Web page caption snippets
..............................

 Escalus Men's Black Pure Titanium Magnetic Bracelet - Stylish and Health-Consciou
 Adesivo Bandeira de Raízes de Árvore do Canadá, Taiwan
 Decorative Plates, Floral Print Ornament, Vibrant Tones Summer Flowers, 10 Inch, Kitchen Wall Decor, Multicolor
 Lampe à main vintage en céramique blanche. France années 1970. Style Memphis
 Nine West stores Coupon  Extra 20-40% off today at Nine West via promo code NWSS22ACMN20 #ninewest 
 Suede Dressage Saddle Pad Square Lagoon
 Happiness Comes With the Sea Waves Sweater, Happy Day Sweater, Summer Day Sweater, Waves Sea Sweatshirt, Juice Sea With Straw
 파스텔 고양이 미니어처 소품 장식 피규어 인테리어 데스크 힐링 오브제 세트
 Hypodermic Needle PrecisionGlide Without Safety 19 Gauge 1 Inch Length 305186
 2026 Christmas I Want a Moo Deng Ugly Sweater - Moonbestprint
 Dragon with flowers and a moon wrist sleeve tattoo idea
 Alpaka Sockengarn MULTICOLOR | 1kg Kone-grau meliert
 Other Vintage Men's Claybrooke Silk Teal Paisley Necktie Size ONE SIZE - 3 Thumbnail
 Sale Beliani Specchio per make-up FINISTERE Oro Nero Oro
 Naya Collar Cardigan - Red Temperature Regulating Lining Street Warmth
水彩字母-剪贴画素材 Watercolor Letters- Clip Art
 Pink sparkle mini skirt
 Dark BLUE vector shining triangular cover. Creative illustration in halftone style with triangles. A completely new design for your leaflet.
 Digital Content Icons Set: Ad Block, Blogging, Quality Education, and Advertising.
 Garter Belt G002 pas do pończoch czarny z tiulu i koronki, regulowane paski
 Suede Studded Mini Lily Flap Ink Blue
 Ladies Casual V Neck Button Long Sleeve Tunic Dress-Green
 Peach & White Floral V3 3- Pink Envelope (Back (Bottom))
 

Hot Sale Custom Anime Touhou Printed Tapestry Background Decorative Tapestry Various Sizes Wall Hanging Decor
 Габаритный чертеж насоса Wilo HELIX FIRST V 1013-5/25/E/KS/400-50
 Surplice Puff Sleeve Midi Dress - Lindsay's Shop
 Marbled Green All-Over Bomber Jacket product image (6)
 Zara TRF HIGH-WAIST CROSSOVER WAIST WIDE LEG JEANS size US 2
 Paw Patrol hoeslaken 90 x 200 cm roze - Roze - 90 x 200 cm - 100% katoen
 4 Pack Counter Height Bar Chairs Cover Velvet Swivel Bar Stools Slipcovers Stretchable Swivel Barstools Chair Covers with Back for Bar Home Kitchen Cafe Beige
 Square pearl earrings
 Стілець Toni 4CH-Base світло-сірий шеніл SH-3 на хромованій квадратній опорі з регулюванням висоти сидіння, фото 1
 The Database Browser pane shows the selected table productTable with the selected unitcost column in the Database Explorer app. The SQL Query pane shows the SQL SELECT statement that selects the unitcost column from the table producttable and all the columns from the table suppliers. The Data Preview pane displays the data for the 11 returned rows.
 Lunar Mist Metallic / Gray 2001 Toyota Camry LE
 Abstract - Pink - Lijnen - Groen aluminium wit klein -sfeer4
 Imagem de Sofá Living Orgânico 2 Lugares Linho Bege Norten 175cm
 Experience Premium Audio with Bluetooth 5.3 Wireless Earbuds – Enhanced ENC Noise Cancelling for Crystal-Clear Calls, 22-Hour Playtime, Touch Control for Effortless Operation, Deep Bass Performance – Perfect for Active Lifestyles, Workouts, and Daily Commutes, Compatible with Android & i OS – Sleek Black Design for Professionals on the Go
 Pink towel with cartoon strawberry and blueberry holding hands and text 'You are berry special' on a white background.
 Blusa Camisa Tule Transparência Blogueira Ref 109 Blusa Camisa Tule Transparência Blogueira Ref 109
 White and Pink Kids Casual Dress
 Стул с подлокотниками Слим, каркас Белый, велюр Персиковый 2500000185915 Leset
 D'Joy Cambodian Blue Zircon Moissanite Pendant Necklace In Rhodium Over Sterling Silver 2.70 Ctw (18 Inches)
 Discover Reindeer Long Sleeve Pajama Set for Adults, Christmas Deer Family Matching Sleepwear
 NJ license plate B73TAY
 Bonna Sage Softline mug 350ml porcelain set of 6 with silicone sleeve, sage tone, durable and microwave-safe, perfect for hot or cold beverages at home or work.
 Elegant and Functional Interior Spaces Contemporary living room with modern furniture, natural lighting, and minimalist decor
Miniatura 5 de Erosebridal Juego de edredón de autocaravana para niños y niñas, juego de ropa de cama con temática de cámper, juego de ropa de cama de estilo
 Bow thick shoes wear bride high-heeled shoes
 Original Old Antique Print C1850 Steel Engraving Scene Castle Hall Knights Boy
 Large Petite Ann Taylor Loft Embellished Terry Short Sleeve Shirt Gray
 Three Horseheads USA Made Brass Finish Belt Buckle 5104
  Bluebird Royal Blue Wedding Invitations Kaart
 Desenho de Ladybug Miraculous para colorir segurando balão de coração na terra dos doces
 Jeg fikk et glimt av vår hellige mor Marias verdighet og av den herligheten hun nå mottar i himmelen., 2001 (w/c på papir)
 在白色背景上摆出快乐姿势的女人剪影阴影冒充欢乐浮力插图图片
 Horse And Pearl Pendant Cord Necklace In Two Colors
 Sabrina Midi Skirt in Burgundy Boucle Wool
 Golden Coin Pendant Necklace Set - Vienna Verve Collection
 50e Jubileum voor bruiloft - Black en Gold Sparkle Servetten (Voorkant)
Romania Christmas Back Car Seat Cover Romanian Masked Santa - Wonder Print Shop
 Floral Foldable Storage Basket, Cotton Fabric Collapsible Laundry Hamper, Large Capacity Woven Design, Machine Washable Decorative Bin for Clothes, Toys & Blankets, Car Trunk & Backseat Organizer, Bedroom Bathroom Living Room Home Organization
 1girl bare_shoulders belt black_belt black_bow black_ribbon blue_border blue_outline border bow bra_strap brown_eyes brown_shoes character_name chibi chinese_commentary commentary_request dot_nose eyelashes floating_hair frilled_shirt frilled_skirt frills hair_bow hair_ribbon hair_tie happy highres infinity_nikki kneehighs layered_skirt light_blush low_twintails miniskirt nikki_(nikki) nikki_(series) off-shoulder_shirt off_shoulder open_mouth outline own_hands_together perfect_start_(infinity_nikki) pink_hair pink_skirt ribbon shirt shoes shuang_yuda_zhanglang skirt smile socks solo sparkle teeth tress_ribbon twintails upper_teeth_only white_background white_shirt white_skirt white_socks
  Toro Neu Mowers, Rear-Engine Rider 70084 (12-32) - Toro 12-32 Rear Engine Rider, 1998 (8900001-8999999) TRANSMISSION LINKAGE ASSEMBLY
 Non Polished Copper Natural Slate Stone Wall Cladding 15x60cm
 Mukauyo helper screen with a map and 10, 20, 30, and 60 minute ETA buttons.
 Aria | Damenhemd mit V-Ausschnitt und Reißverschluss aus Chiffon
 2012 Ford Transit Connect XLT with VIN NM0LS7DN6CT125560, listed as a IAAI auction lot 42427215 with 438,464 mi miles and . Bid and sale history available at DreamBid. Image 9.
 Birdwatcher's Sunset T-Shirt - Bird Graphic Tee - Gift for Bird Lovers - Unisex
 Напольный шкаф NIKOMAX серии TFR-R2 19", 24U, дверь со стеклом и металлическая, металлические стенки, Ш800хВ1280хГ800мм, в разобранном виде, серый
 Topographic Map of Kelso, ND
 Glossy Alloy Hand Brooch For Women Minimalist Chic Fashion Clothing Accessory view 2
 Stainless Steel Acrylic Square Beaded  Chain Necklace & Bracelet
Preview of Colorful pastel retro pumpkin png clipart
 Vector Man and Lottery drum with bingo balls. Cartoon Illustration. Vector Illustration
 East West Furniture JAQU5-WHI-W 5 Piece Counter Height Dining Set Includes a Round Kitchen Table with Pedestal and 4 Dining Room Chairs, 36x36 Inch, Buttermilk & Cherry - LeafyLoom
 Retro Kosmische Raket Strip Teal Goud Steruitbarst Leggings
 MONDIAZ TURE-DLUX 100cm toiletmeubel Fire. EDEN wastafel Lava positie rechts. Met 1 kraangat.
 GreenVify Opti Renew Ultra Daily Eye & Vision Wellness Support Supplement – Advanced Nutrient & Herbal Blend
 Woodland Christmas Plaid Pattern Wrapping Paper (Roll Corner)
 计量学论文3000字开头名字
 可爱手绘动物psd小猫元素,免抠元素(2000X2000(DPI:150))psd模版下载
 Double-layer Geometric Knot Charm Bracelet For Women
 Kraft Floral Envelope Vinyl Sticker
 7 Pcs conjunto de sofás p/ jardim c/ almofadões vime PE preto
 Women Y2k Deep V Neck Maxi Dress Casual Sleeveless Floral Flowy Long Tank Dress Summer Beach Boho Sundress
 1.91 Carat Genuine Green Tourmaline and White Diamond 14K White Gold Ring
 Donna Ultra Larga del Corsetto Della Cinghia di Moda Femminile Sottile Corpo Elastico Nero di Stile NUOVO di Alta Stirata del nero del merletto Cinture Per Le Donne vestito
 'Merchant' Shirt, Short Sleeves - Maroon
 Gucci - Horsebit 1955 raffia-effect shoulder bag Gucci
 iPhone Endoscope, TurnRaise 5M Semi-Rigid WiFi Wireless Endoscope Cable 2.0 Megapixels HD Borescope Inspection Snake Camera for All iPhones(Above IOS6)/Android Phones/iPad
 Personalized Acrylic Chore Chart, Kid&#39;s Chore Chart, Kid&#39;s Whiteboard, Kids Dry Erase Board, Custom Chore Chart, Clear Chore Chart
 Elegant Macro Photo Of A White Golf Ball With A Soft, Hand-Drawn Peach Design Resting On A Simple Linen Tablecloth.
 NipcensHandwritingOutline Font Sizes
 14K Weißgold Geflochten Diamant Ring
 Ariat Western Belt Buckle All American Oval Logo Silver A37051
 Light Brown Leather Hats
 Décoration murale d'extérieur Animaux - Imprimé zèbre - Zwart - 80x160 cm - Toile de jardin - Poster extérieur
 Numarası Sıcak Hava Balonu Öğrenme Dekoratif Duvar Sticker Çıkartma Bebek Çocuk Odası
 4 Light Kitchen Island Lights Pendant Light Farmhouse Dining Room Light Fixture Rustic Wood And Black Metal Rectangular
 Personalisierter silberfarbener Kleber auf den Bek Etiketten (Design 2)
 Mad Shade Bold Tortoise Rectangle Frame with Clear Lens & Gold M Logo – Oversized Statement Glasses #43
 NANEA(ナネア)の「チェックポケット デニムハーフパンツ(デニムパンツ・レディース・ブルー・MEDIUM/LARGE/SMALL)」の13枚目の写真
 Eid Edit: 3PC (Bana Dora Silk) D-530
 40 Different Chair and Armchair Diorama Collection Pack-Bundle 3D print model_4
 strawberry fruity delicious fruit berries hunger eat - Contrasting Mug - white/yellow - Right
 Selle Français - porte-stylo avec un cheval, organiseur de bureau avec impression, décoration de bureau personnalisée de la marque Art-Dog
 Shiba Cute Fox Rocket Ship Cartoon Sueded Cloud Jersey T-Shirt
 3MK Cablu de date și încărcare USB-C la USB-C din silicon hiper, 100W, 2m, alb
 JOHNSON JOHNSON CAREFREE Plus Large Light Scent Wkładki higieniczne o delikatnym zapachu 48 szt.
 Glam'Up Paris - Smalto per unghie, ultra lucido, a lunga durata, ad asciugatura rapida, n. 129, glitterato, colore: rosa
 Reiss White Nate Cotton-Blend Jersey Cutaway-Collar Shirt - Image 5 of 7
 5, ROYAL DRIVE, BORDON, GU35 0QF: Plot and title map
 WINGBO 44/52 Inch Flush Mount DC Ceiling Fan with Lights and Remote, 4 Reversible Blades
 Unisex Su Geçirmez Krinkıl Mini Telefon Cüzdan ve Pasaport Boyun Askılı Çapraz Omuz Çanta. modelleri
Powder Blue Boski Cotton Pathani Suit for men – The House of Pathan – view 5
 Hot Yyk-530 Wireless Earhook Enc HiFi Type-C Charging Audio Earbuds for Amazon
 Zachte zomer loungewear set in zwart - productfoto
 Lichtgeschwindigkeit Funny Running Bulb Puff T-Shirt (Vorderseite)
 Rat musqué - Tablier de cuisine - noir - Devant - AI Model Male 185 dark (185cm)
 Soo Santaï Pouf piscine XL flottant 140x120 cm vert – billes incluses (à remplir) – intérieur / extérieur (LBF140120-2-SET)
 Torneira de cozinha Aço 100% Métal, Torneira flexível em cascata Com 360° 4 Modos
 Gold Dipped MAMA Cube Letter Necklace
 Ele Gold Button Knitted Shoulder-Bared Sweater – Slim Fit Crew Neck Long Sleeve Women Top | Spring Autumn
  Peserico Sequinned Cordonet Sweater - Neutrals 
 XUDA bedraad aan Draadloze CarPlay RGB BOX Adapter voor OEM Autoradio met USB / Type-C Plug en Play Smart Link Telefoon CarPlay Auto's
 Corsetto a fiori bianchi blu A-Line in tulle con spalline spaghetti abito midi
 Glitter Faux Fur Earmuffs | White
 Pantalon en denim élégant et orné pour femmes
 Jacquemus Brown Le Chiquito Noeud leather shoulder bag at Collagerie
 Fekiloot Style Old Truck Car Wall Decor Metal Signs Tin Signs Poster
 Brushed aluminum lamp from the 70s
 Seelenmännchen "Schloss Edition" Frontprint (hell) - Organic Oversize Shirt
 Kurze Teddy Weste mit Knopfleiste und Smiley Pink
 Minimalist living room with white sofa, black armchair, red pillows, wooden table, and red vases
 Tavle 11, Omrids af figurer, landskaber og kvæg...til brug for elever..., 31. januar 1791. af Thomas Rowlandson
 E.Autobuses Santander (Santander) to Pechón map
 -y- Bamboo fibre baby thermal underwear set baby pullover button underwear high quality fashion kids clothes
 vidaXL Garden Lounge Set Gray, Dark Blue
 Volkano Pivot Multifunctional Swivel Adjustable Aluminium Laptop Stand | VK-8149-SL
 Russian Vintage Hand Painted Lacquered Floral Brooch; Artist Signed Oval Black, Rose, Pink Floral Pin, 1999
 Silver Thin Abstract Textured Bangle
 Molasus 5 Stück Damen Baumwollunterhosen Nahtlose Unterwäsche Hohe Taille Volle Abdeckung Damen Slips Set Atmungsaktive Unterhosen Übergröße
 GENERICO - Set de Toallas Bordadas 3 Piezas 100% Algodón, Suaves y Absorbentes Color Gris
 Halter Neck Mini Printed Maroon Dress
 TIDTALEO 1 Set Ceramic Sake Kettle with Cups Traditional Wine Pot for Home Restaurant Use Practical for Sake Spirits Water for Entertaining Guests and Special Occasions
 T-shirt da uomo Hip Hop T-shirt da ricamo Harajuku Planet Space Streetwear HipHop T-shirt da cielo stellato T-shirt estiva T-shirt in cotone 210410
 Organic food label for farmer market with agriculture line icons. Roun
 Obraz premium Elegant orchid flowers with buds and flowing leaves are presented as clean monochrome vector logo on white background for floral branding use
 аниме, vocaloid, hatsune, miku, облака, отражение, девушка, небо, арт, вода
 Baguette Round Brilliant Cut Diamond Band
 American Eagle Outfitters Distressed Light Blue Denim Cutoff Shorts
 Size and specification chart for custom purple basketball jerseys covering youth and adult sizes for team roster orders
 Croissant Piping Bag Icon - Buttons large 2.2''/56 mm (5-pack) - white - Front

..............................

Using the records above, restate word for word the lines from the one with "Alpaka Sockengarn MULTICOLOR" through the one with "Garter Belt G002", both included.

Reply to the exercise
 Alpaka Sockengarn MULTICOLOR | 1kg Kone-grau meliert
 Other Vintage Men's Claybrooke Silk Teal Paisley Necktie Size ONE SIZE - 3 Thumbnail
 Sale Beliani Specchio per make-up FINISTERE Oro Nero Oro
 Naya Collar Cardigan - Red Temperature Regulating Lining Street Warmth
水彩字母-剪贴画素材 Watercolor Letters- Clip Art
 Pink sparkle mini skirt
 Dark BLUE vector shining triangular cover. Creative illustration in halftone style with triangles. A completely new design for your leaflet.
 Digital Content Icons Set: Ad Block, Blogging, Quality Education, and Advertising.
 Garter Belt G002 pas do pończoch czarny z tiulu i koronki, regulowane paski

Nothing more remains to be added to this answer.